IMF asks fiscal adjustments from Turkey, dispute continues
Posted by meb at November 27th, 2008
The International Monetary Fund (IMF) expects serious fiscal adjustments from Turkey for a possible program and no agreement over content has been reached, Turkish Economy Minister Mehmet Simsek said on Thursday.
“If we can convince the IMF and reach an agreement over the terms and content, we will make a program with the IMF. There is still dispute over content,” Simsek said in his speech delivered at the 60th Turkey-EU Joint Parliamentary Committee meeting in Ankara.
Certain progress was made in the ongoing technical talks with the IMF, Simsek also said.

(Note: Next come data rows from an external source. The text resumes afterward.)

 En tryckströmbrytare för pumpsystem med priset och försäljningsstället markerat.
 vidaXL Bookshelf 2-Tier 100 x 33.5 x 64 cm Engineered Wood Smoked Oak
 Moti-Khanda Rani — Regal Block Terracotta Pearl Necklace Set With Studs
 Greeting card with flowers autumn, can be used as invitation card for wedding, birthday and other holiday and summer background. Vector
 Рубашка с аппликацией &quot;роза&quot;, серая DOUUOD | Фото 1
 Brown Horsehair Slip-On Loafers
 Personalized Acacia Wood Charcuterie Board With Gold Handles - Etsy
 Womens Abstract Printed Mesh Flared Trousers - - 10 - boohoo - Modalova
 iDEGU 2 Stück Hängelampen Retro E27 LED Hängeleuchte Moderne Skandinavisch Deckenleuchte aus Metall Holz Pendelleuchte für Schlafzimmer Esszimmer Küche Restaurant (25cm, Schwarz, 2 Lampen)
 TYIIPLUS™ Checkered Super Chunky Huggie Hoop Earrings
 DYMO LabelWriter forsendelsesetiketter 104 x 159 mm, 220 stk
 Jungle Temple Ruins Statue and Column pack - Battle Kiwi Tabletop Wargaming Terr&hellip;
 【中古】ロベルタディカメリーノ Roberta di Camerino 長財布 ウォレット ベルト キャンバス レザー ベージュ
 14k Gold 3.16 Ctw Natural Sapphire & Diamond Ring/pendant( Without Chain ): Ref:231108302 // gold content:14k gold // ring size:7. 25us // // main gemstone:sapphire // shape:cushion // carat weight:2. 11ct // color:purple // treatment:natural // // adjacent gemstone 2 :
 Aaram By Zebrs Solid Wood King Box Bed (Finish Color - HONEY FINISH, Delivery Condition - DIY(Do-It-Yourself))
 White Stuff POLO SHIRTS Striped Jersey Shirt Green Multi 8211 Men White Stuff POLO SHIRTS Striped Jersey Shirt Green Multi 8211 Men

Turkey’s business leaders have been calling for an IMF loan deal to limit the fallout from a global financial crisis which has already forced Ukraine, Hungary, Iceland and Serbia to seek IMF help.
Turkey’s last $10 billion regular stand-by loan accord, the latest in a series of loan programs which helped it emerge from a 2001 financial crisis, expired in May.
Simsek said Turkish Prime Minister Tayyip Erdogan was not against an arrangement with the IMF but he wanted a smooth program that would help solve the liquidity problem without placing extra burden on the real sector.
Erdogan previously said the government had not wanted to sign a new loan accord if the IMF program exerted excessive constraints on budget spending, taxes, economic growth and public investments.
The prime minister then later said an accord with the IMF was close and that he would soon announce the level of funding aid to be provided in the new deal.